Manipulation of spatial distribution of state-selected excited molecules using a combination of the Autler-Townes effect  under conditions of optical pumping and interference caused by presence of light-induced crossings of the molecular states is studied. In the experiment, a supersonic molecular beam is crossed by two cw laser beams coupled in an open three-level ladder scheme. Lasers are focused in such a way that strong and short laser field pulse couples the two lower levels, and weak and long laser field pulse couples the two upper levels. Hence, the excitation spectrum of the upper level is strongly affected by the dynamics of optical pumping on the lower transition.
Fig. 1. Calculated fluorescence signal from the upper level of a three-level ladder system, excited by two co- and counter-propagating lasers fields.

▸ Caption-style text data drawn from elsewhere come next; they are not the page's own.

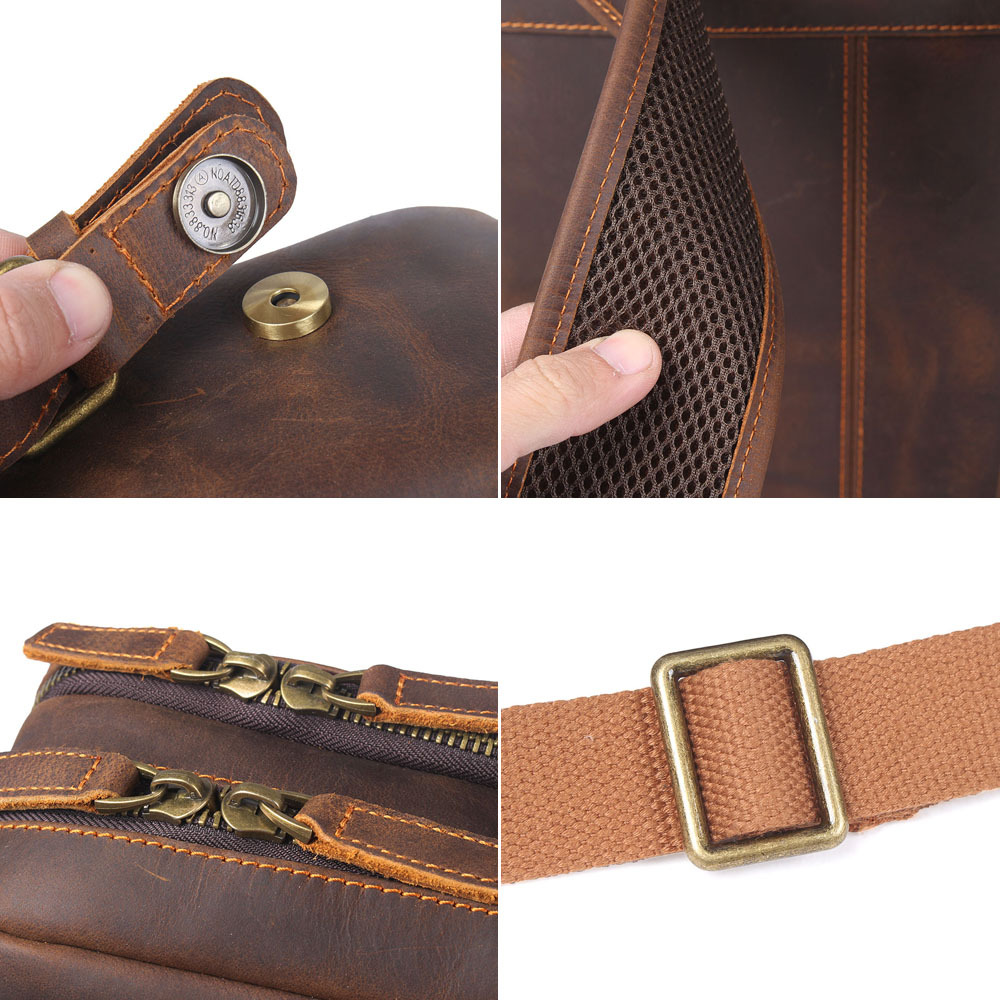 Vintage Leather Backpack for Men ⎜ Robust and Spacious Companion for Everyday Life and Travelling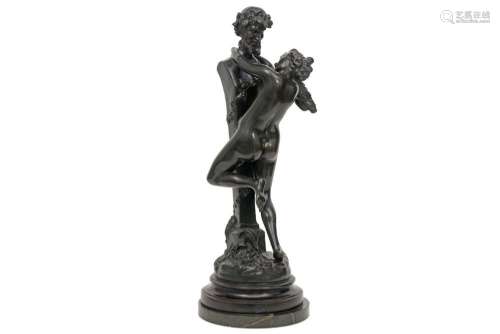 CLODION (1738 - 1814) antieke sculptuur in brons : "Jon...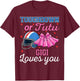 Touchdown or Tutu Gigi Loves You Football Gender Reveal Baby T-Shirt - T-Shirt | Maroon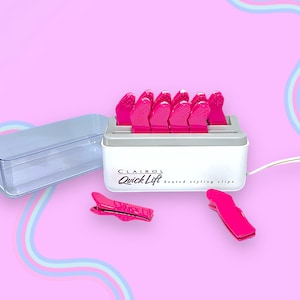 Vintage 90s Clairol Style Heat Clips. Works!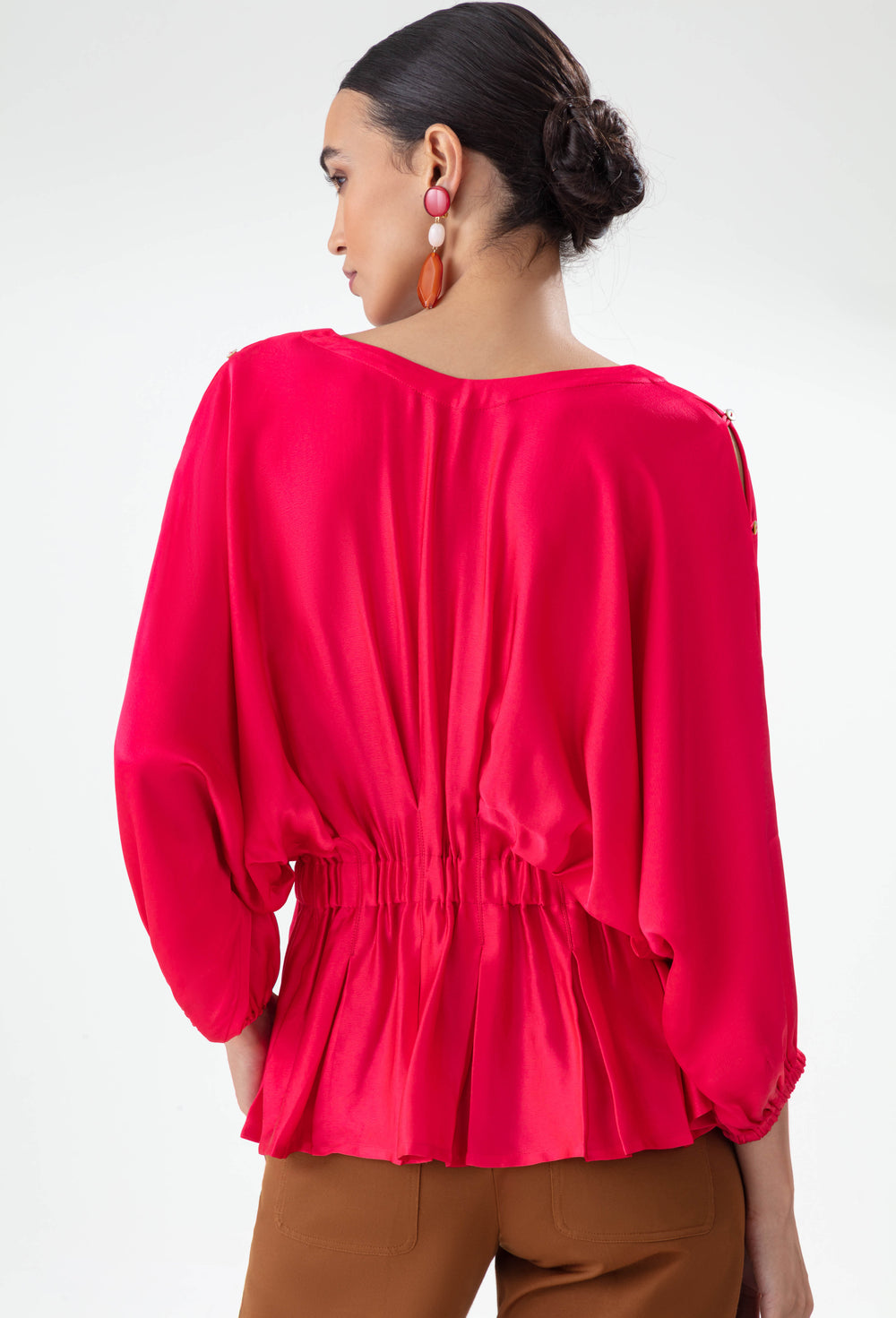 Blouse sauvage rose hibiscus 4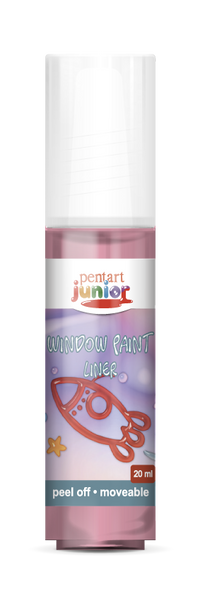 window paint 20 ml – црвена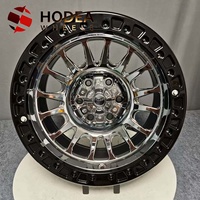 Rines HODEA de Dos Tonos con Beadlock, Forjados, de 5 y 6 Birlos, Compatibles con Land Rover, Jeep, Ford, Toyota, para Uso Todoterreno, Repuesto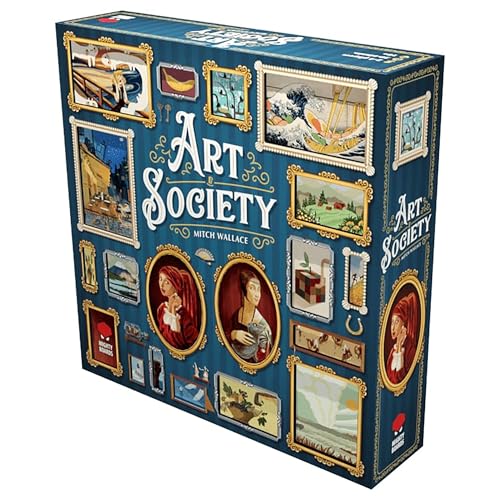 Mighty Boards: Art Society - Juego de Mesa de colección, Oferta en subastas, Recoge y Muestra tu Arte, Edades de 10 años, 2 a 4 Jugadores, 30 a 60 Minutos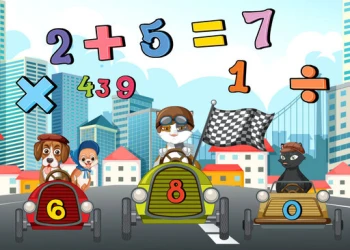 Play Math Memory Match online for free at PlotyGames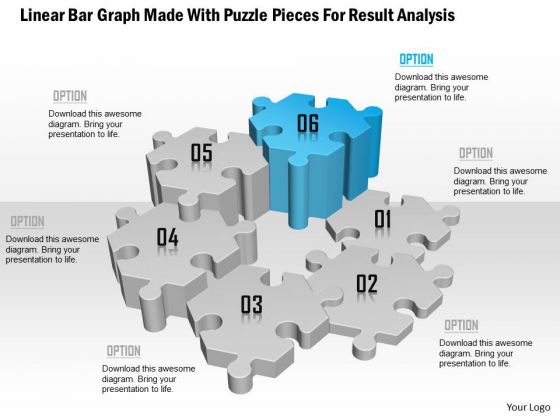 Linear Bar Graph Made With Puzzle Pieces For Result Analysis Presentation Template Linear Bar Graph Made With Puzzle Pieces For Result Analysis Presentation Template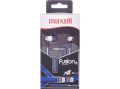 Sluchátka s mikrofonem Fusion+, modrá-bílá, MAXELL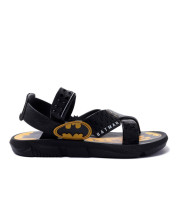 Дитячі чорні сандалії Ipanema Batman з жовтим логотипом - фото 3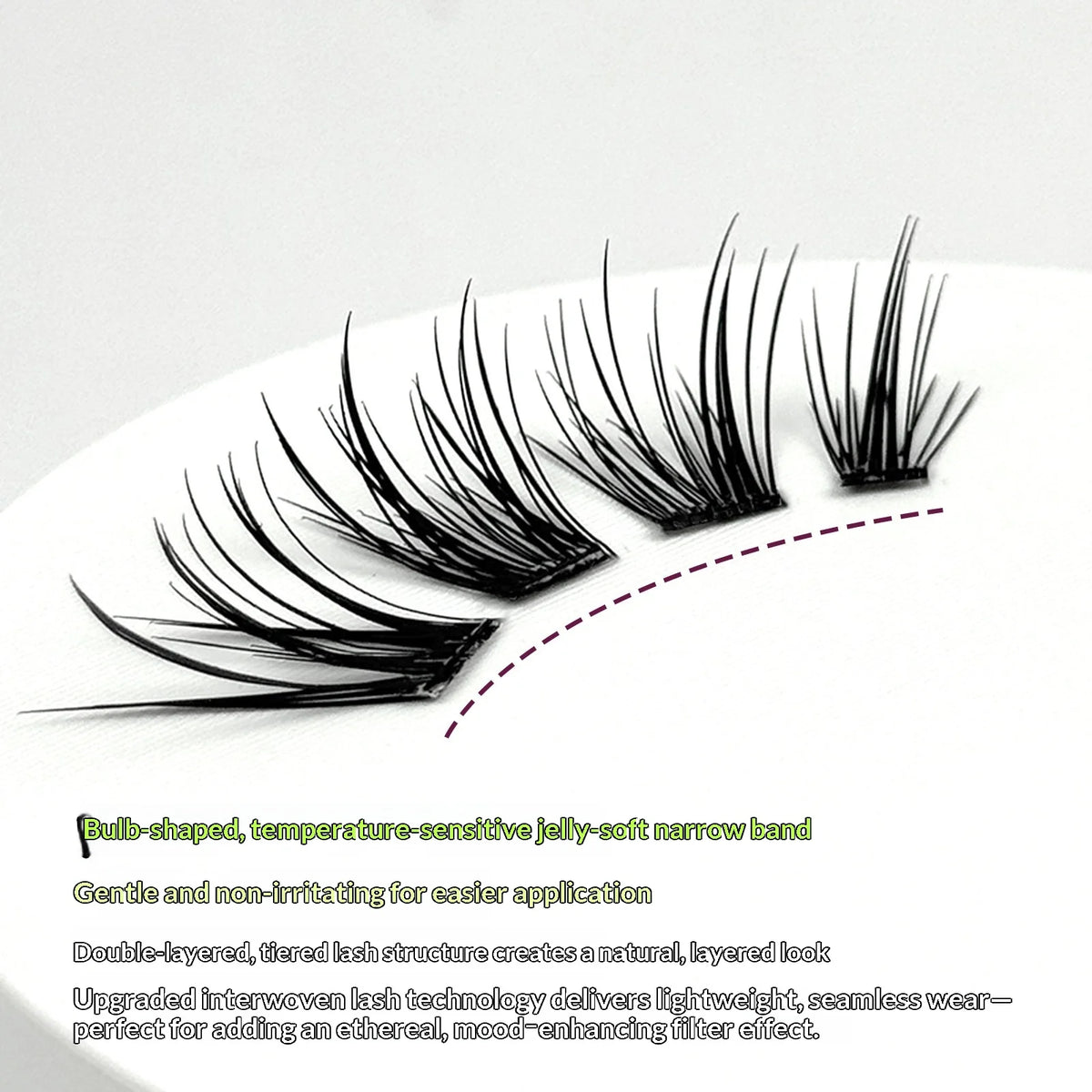 SWANS 6D Self-Adhesive Fox Lashes – Fluffy Wispy False Eyelashes False Eyelashes SWANS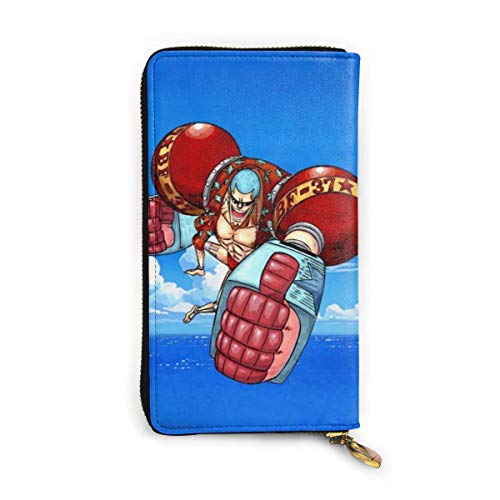 Preisvergleich Produktbild Einteilige Geldbörse aus echtem Leder mit Reißverschluss, lange Clutch, Münzfach, Kartenpaket für Damen und Herren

Detailed numerical calculations based on the dressed-state picture  show that such an arrangement of both laser fields can be used to vary the spatial distribution of highly excited molecules, which can be precisely controlled by varying laser frequencies and intensities. When the frequencies of both laser fields are fixed, the excitation of the upper level can take place at two distinct spatial locations (Landau-Zener transition regions), where the second laser field is resonant with one of the dressed states associated with interaction with the laser field in the first excitation step. This leads to two alternative excitation pathways, whereby the probability amplitude of the upper level at the second Landau-Zener transition region is determined by their constructive or destructive interference.
Calculations and experimental results for the case of excitation high lying states of Na2 are presented. Simulations show (see Fig. 1) that interference fringes in the excitation spectrum of the upper level can be resolved when counter-propagating laser beams are used, which allows elimination of the residual Doppler width.